EIS semanas después, el día 15 de junio de 1558, la verde parra que atrevida trepaba por los oscuros muros de la casa más bonita de la aldea de Artigues, situada cerca de Rieux, encuadraba una escena desarrollada en el dintel de la puerta de aquella, que en medio de su sencillez algo tosca, no dejaba de tener cierto interés.
Un hombre, que a juzgar por el polvo que cubría sus pies, acababa de hacer una larga caminata, estaba sentado en un banco de madera. Una mujer, arrodillada ante él, le desataba los zapatos.
El hombre fruncía el entrecejo; la mujer sonreía.
—¿Acabarás de una vez, Beltrana? —preguntó el hombre con voz dura—. ¡Tu torpeza y tu lentitud me desesperan!
—Ya está, Martín —contestó sonriendo siempre la mujer.

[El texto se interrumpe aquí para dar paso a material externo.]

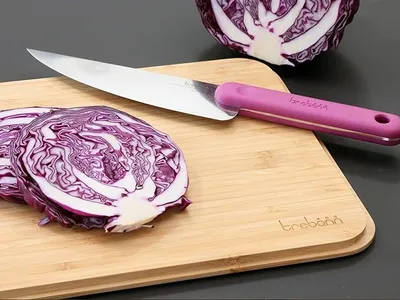 Productafbeelding van Trebonn koksmes, 35 cm, roze handvat, roestvrijstalen lemmet
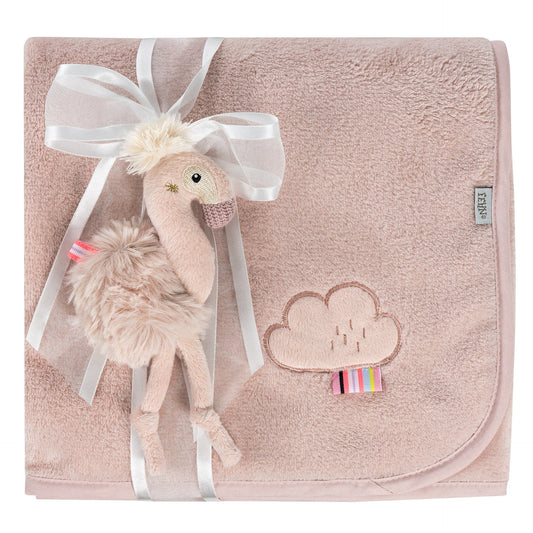 Couverture bébé avec petit flamant rose – 100 × 75 cm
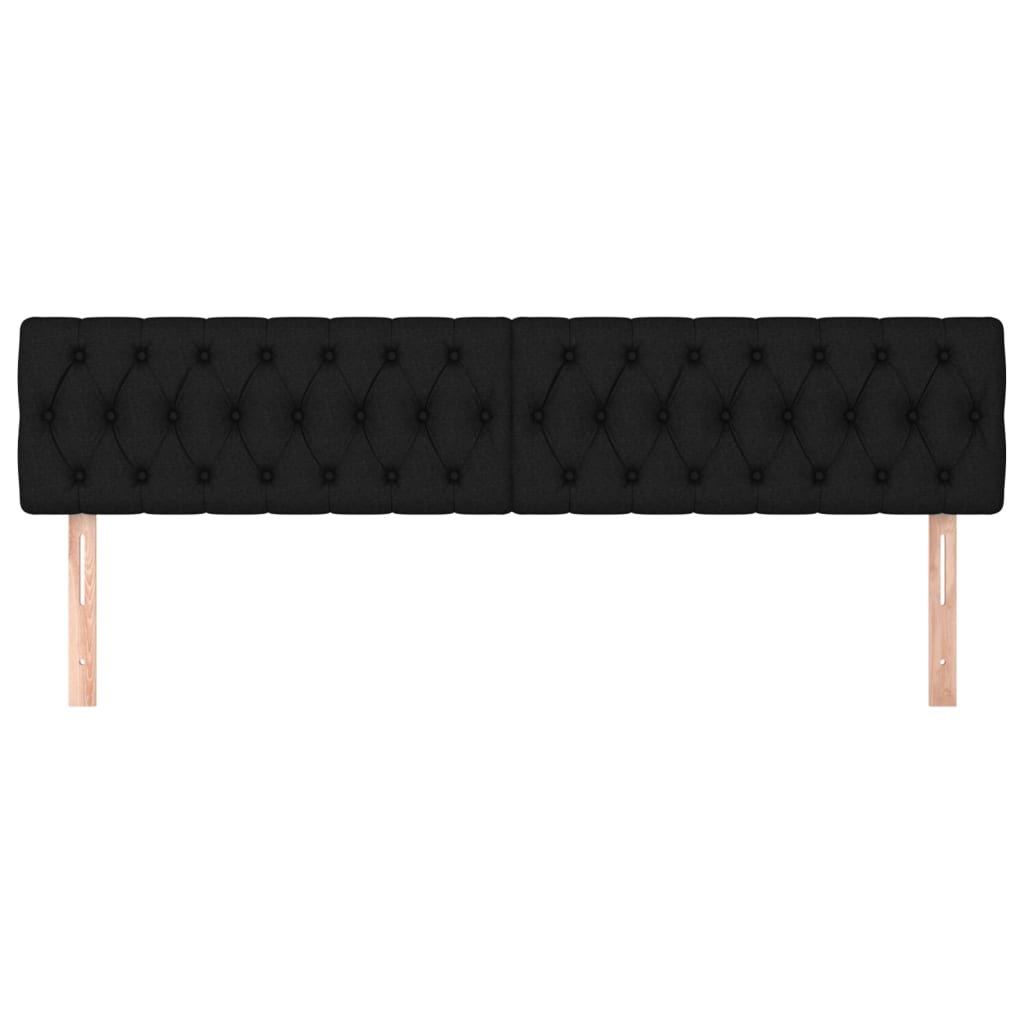 Kopfteile Schwarz 200x7x78/88 cm Stoff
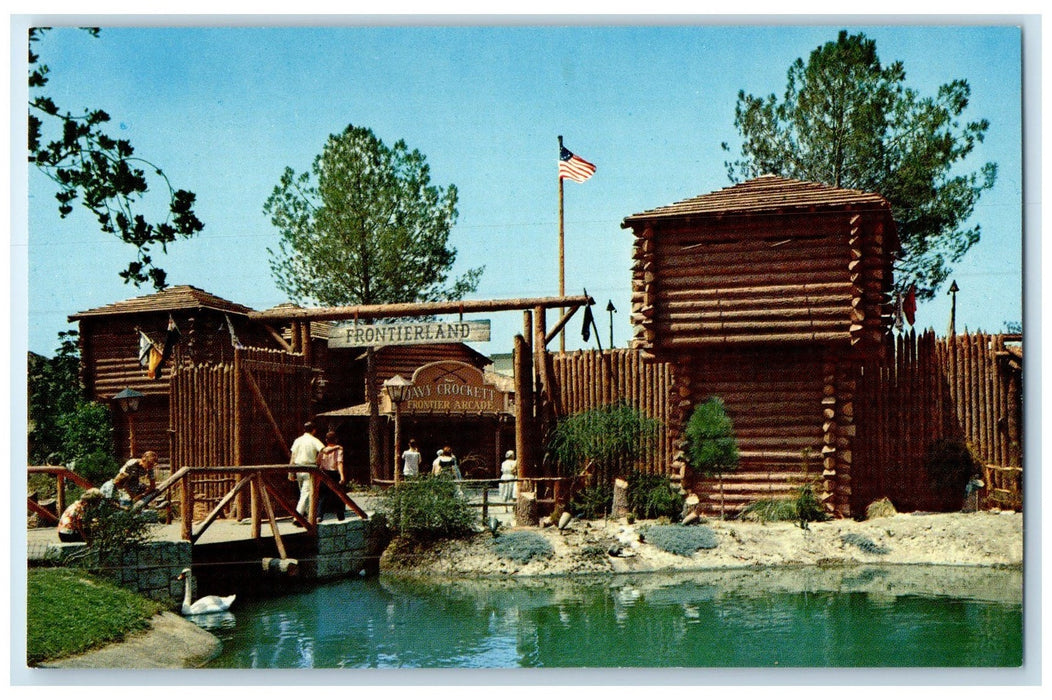 c1960s Disneyland's Entrance To Frontierland Anaheim California CA Flag Postcard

—¿Ya? ¡Hum! —refunfuñó el llamado Martín—. ¡Muy pronto lo has dicho! ¿Dónde están los zapatos que me he de poner ahora? Apuesto a que no has tenido la previsión de traerlos, estúpida, y me obligarás a estar descalzo lo menos dos minutos.
Entró Beltrana corriendo en la casa, y reapareció al cabo de un segundo con otros zapatos, que se apresuró a calzar a su dueño y señor.
El lector habrá reconocido sin duda a los personajes: el hombre, bajo el nombre de Martín Guerra, era Arnaldo de Thill, imperioso y brutal como siempre, y la mujer, Beltrana de Rolles, prodigiosamente dócil e infinitamente más puesta en razón que nunca.
—¿Y mi vaso de aguamiel, dónde está? —repuso Martín con la misma brusquedad.
—Dispuesto ya, mi querido Martín: voy a buscarlo —contestó con timidez Beltrana.
—¡Siempre me has de hacer esperar! —gritó Martín dando una patada en el suelo—. ¡Tráelo pronto, porque si no…!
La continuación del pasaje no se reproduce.